What you return should be the entries, unchanged, without their pictures.
(Beginning of Input records)
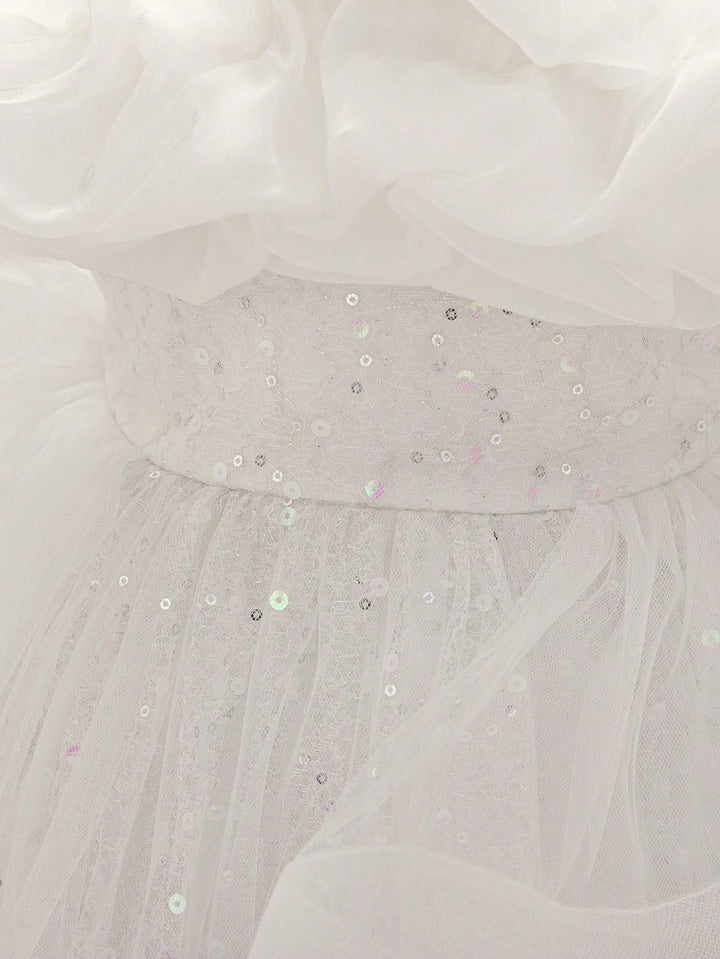 TinyTulle Baby Girls Off-Shoulder Sequin Tulle Tutu Princess Flower Girl Dress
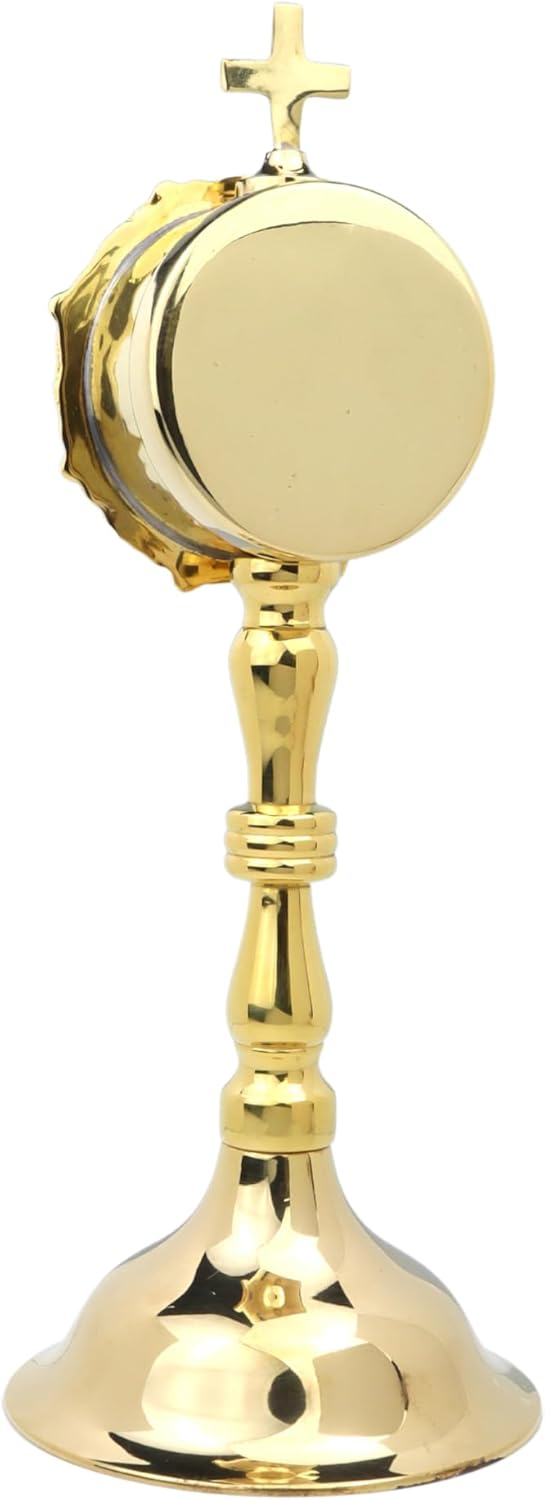 Needzo Mini Brass Reliquary, High Polished Sacred Relic Holder, Catholic Church or Home Decoration, 8 x 3 Inches
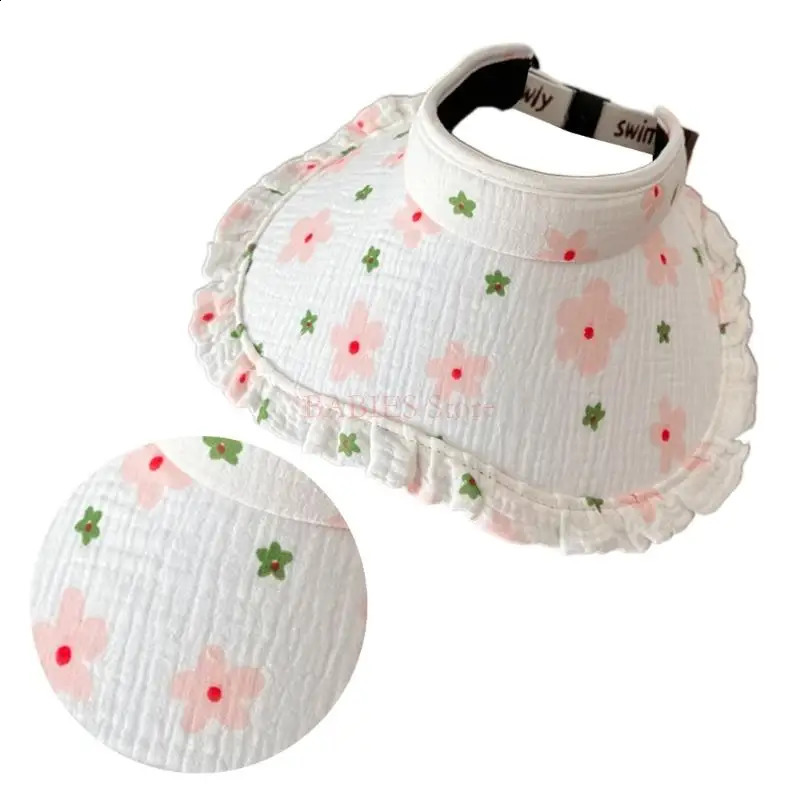C9GB Sun Hat for Kids Girl Summer Hat with Flower Print Roll Up Sun Visor Hat Wide Brims Breathable Beach Caps Adjustable Hat 250206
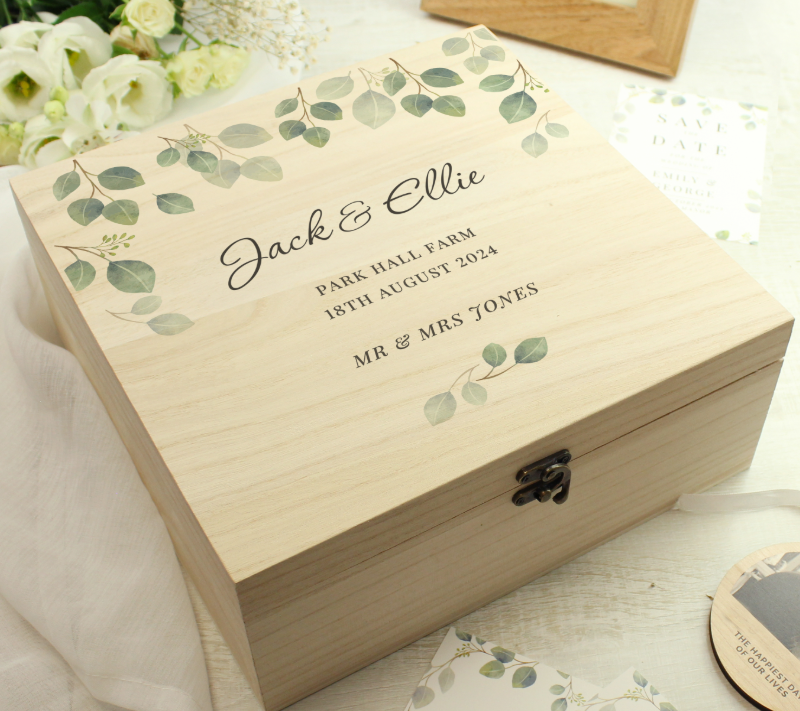 Personalised Botanical Wooden Keepsake box
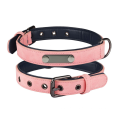 Pink Personalised Leather Dog Collar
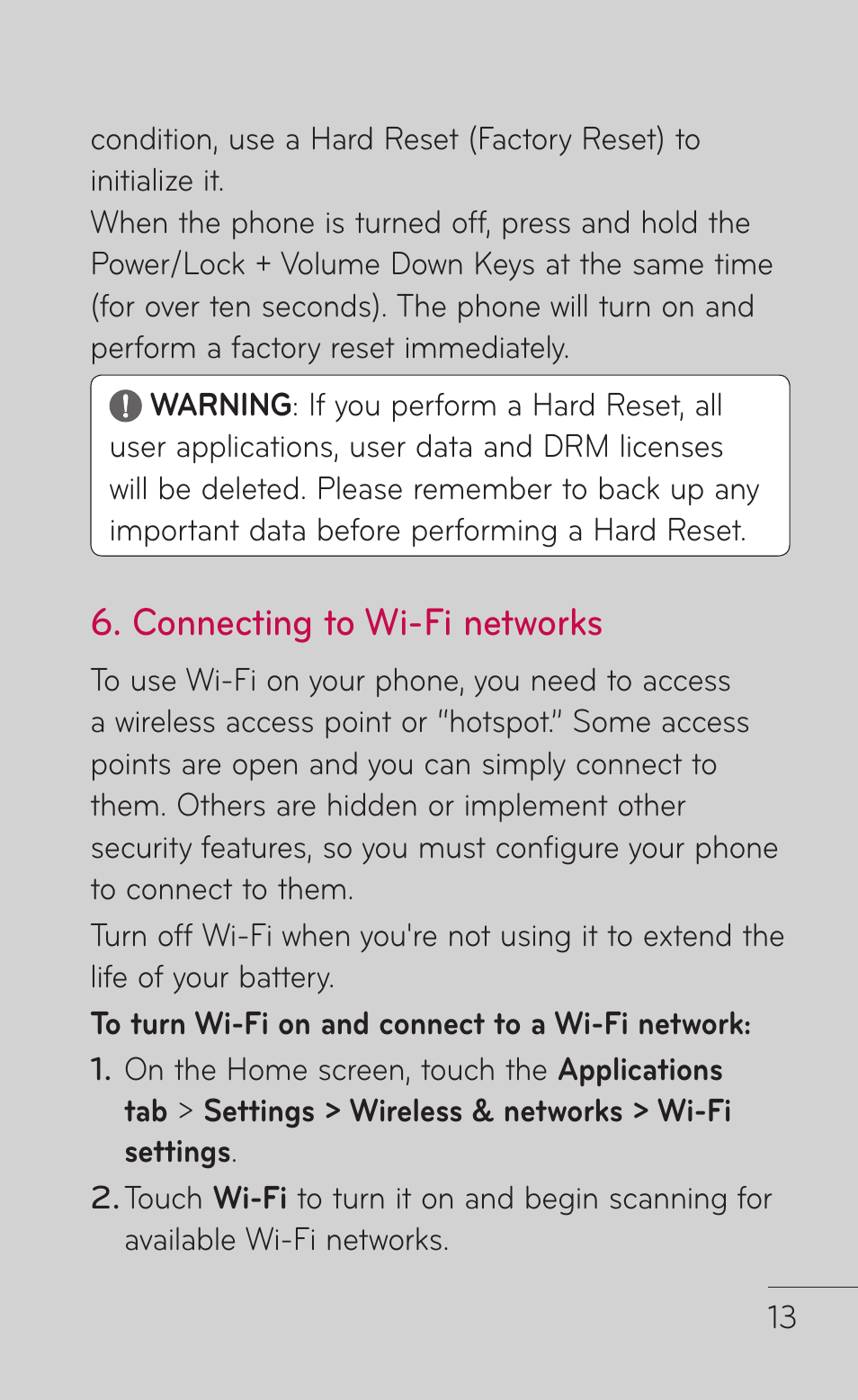 Connecting to wi-fi networks | LG P999 User Manual | Page 13 / 336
(End of Input records)
# Response below:
 TinyTulle Baby Girls Off-Shoulder Sequin Tulle Tutu Princess Flower Girl Dress
 Needzo Mini Brass Reliquary, High Polished Sacred Relic Holder, Catholic Church or Home Decoration, 8 x 3 Inches
C9GB Sun Hat for Kids Girl Summer Hat with Flower Print Roll Up Sun Visor Hat Wide Brims Breathable Beach Caps Adjustable Hat 250206
 Personalised Botanical Wooden Keepsake box
 Pink Personalised Leather Dog Collar
 Connecting to wi-fi networks | LG P999 User Manual | Page 13 / 336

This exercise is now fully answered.